UNESCO Biosphere Reserve in Chiapas, Mexico

The Volcán Tacaná Biosphere Reserve (Reserva de Biosfera Volcán Tacaná) (established 2006) is a UNESCO Biosphere Reserve at the Tacaná Volcano in Chiapas, Mexico, on the border with Guatemala. The volcano is part of the Central America Volcanic Arc (Nucleo Centroamericano). The 6,378 ha reserve contains fragile ecosystems very rich in wild flora and fauna species of cultural, scientific, economic and biological relevance. Its rich biodiversity and high endemism are found particularly in the high mountain ecosystem and landscapes and in the volcanic edifice which presents geophysical features of great scientific and aesthetic value. Average annual rainfall can amount to 2,000–5,000 mm, as in the case of Soconusco.

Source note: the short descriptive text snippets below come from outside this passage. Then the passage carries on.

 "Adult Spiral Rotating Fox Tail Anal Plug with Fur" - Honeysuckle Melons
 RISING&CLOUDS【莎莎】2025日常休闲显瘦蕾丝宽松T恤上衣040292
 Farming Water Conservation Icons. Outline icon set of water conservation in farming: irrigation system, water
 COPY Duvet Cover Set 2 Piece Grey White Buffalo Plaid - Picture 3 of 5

Human activities in the reserve include coffee-growing, flower-growing, bee-keeping, agriculture and tourism.

==Ecological characteristics ==

The reserve is a rich reservoir of endemic and other species of Central and South American origin which, in Mexico, are only to be found in this area. The topography is rugged with ecosystems of evergreen medium altitude forests, cloud forests and pine, oak and fir forests. It is the only place in the country where two ecosystems are represented: the Tropical Páramo and the Chusqueal ecosystems.

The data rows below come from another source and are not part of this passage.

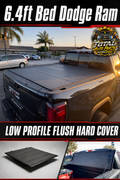 6.4ft Dodge Ram low profile flush hard bed cover flyer with Total Auto Parts logo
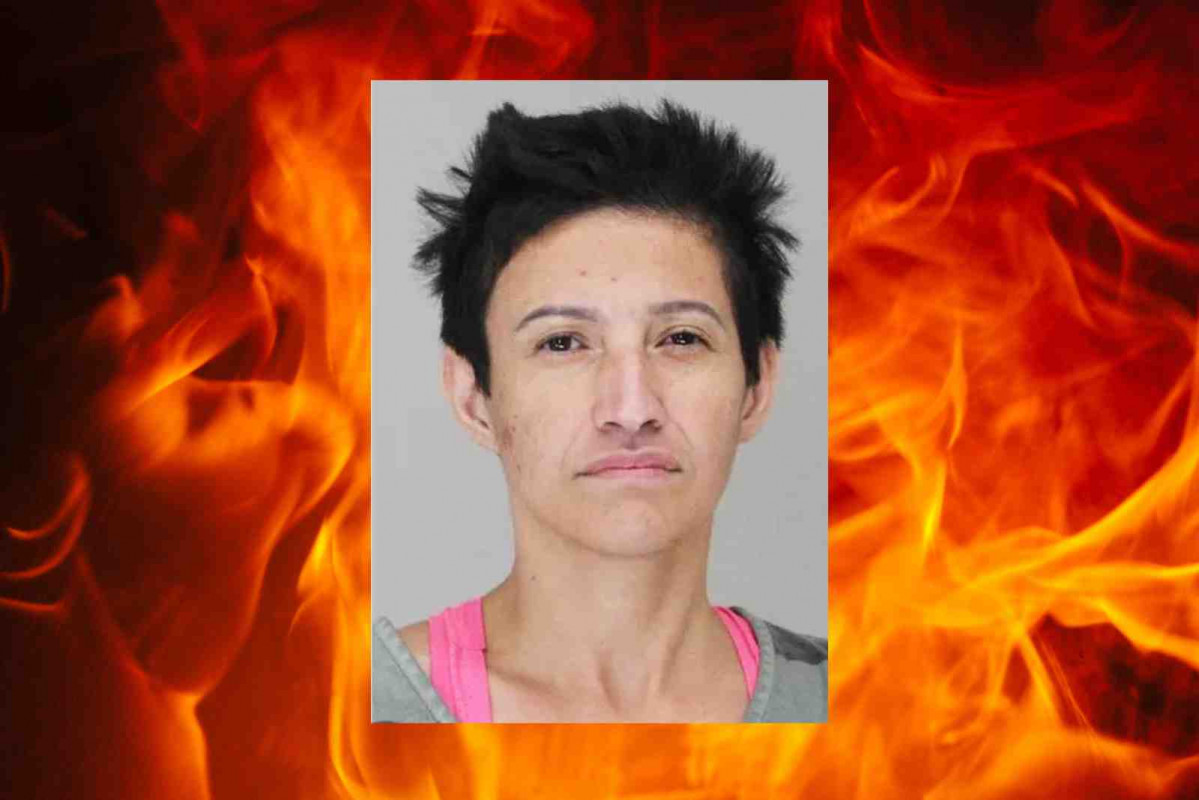 Arrestada por el incendio. Fotomontaje. FotoCárcel de Lew Sterrett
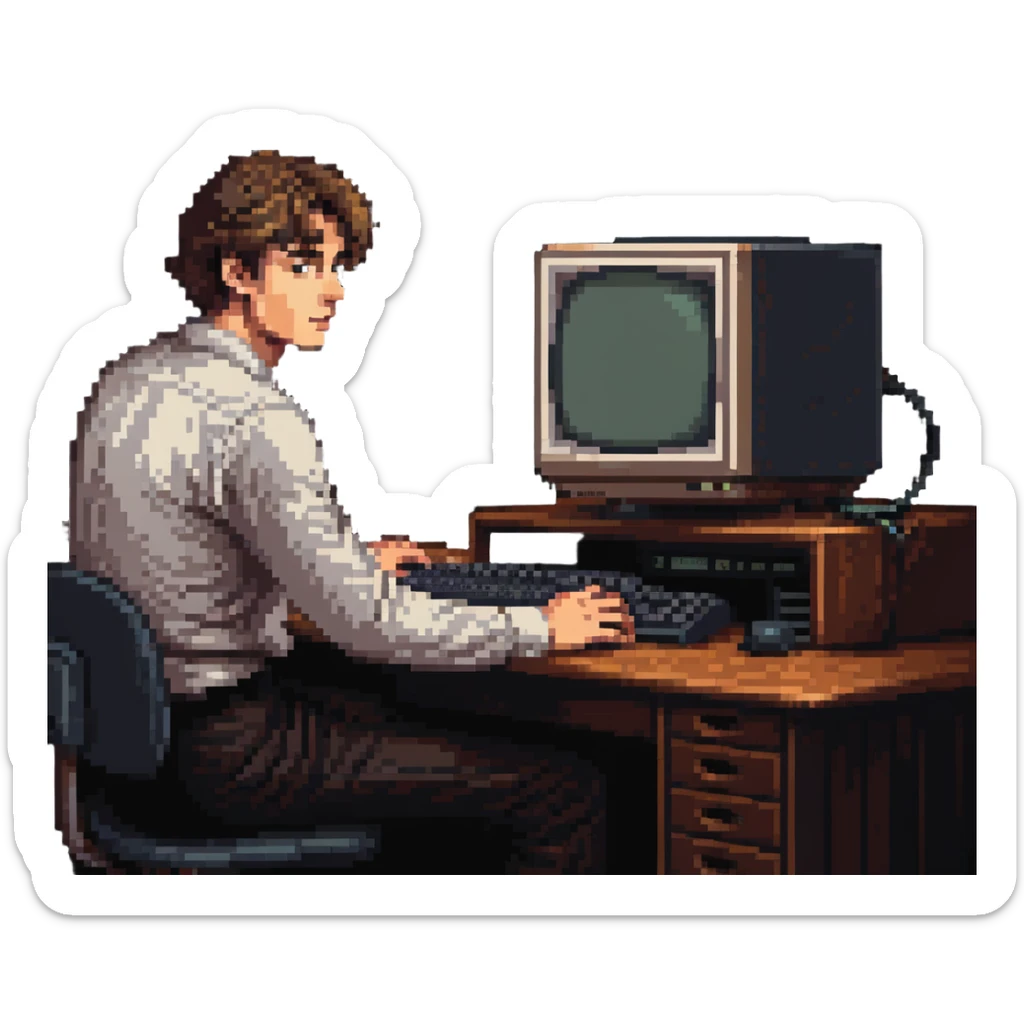 Young man sitting at desk with vintage desktop computer with large CRT monitor sticker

The Volcán Tacana Biosphere Reserve harbors a rich variety of endemic species of flora (Chusquea martinezi) and fauna (Cyllopsis spp. Limanopoda cinna, Dalla sp. Lepidoptera-Rhopalocera). Included among the biota of the volcano are a significant number of charismatic or protected species, such as the Canaco tree (Chiranthodendron derbianus) and the Ornate hawk-eagle (Spizaetus ornatos). There are innumerable species of orchids and bromeliads.

==Flora and fauna==
According to the National Biodiversity Information System of Comisión Nacional para el Conocimiento y Uso de la Biodiversidad (CONABIO) in Volcán Tacaná Biosphere Reserve there are over 2,455 plant and animal species from which 185 are in at risk category and 48 are exotics.